Tuesday, February 4, 2014

Molting


The lizard is molting.
Again.
A face only a mother could love

She molts every two weeks. No one told me this ahead of time. No one informed me that one of the members of my household would audibly eat her skin twice a month. I can hear her right now, carefully peeling and munching her skin.

My jBird will come home from school and drop everything and go and fuss over her and ask to give her a warm sponge bath to help her get the tricky bits off without losing a toe. I will probably agree to this, depending on what I've had for lunch.

A few weeks ago, my daughter handed me a wad of disembodied skin.
"Can you throw this away for me?"
Does it go in the compost? The trash? Recycling? Why am I holding a wad of skin?! What am I supposed to do with this?!
I can barely look at her and I've turned up the music so I can't hear the tiny ripping sounds. It's off-putting and revolting and just so very biological.

"It's good, Mom. It means she's growing." My daughter is exasperated with my squeamishness.

My whole world is molting. So is yours, actually. Our society is in the throes of growth. Humanity itself is always in some way, somewhere, morphing and changing and growing into something else. Maybe it's a friend of yours, a family member, a neighbor, a child. Maybe it's your school or your church.

Maybe it's yourself.

The skin that fit our lives just fine last week or even yesterday is suddenly a little too tight and uncomfortable. The new skin starts to peek out from underneath and that old, dead skin starts to flake and peel. It's not a pretty process. Most of the time, no one wants to hear about it. It's hard to watch. It's off-putting and it seems kind of private and wrong. So maybe we go and hide in our little hidey hole and rip and munch. Maybe we go and do the best we can to quietly tear up the bits of us that no longer fit and internalize them while people around us shudder and try not to look.
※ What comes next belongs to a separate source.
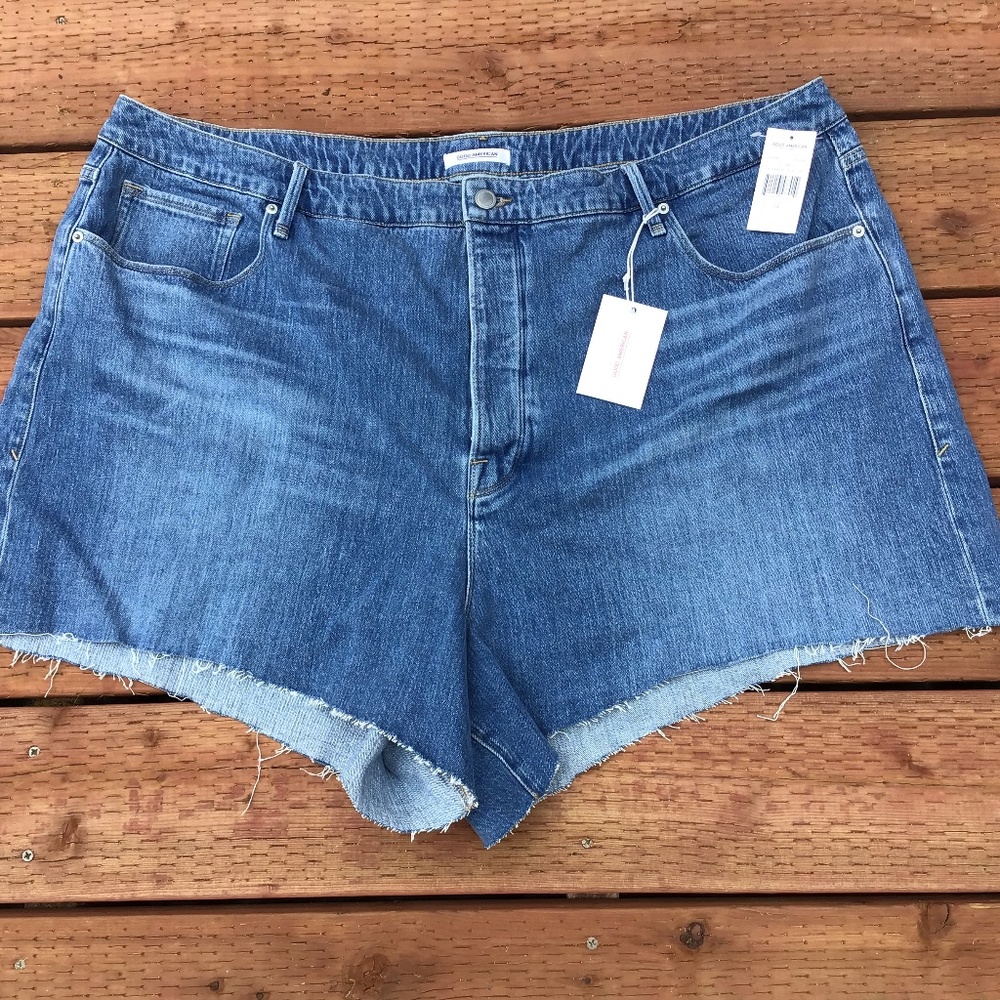 Good American cutoff shorts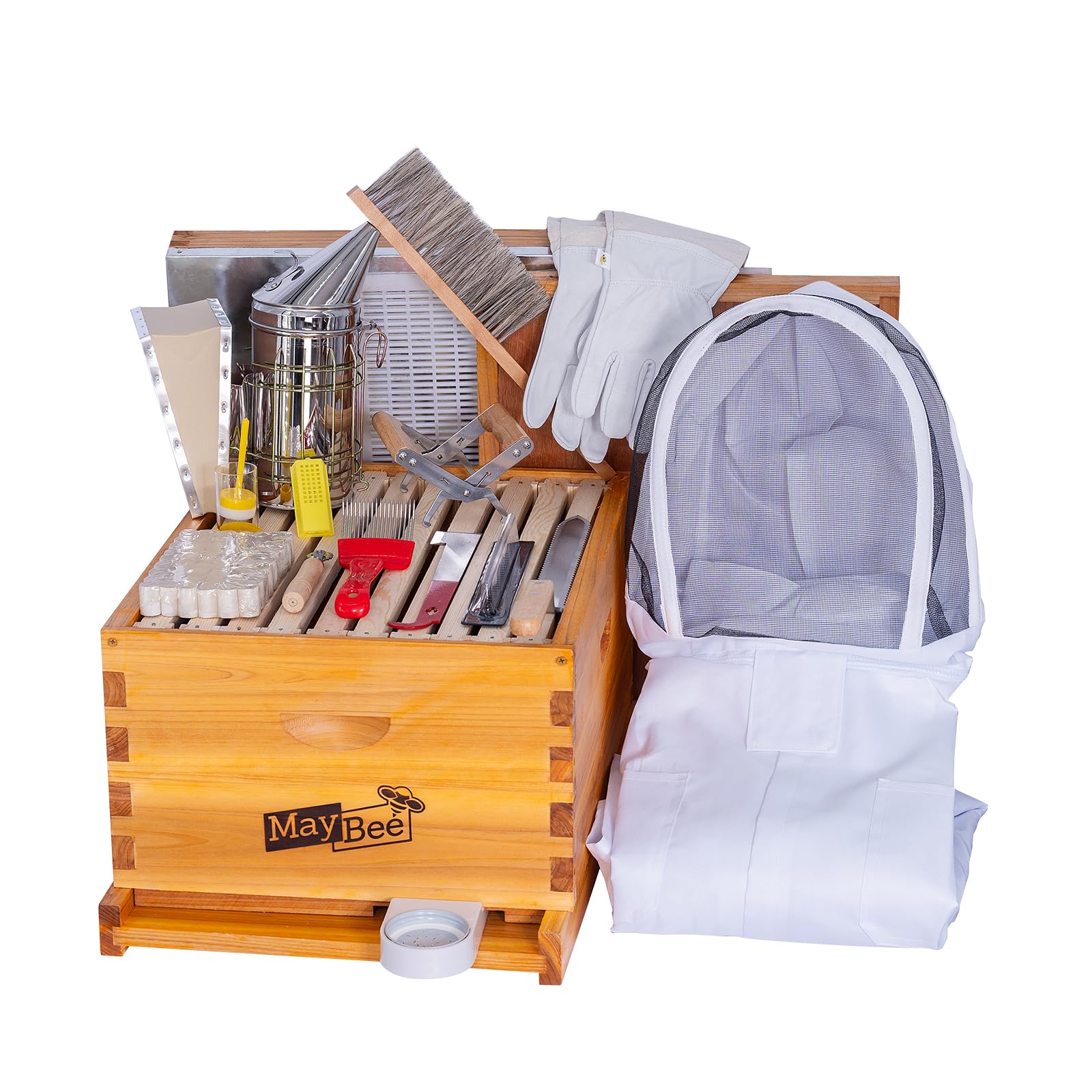 MayBee 10-frame beehive box dipped in beeswax for durable housing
Maybe, though, someone sees us - really sees us. Maybe someone sees that we've got horrible flappy bits hanging in front of our eyes and doesn't want us to go blind. Maybe someone sees that we're tripping around over the parts we can't reach on our feet and wants us to be able to walk uninjured. Maybe someone drops everything that is important to them and spends time gently helping us through the transition, even when we're scared and we protest and try to get away.

I asked my daughter what leopard geckos do in the wild when they molt. "They don't have people to give them sponge baths," I told her sagely, "It's a natural process. You should just leave her to it."
"Well in the wild, Mom, they just take care of themselves. They are often deformed or blind or they just die. But she's not in the wild. She's mine."

We're not in the wild. No one should have to live in the wild. No one should have to grow with no one there to help. How many of our own to we just "leave to it" because we can't bear to think about it? How many who walk among us end up needlessly hurting and broken or dead because we were put off by the processes of their lives? There are a lot of people molting out there. They are not in the wild. They are mine. They are yours. We belong to each other. We have to. Even when it's revolting.

When all this disgusting skin-eating is over, Jubilee will have fresh, unblemished, new skin. Her colors will be bright and vibrant. She'll be frisky and alert and out standing in her water dish instead of lurking in her dark little hidey hole, suspicious and snappish. She will smile her silly little perma-grin and beg for crickets. She will, in her own little lizardy way, be beautiful.

Look around. Somebody is molting near you. Near me. How can we help them get through the tricky bits? What is underneath the off-putting outer layer of difficult change? How can you help them find their beautiful? And know this: it will probably turn your stomach a little bit, it will not be what you wanted to do most today, you will think didn't we just do this? and we did, it's time to do it again. And someone will hand you a wad of something you don't want to hold. Stare at it in fascination and then get rid of it. It's not yours to keep.

And look around and do it again.
And again.
And again.
And again...

This is the way that we all become beautiful.



*I'm not going to give the lizard a sponge bath. I will continue to turn up the music so that I can't hear her eating her own skin. I have my limits.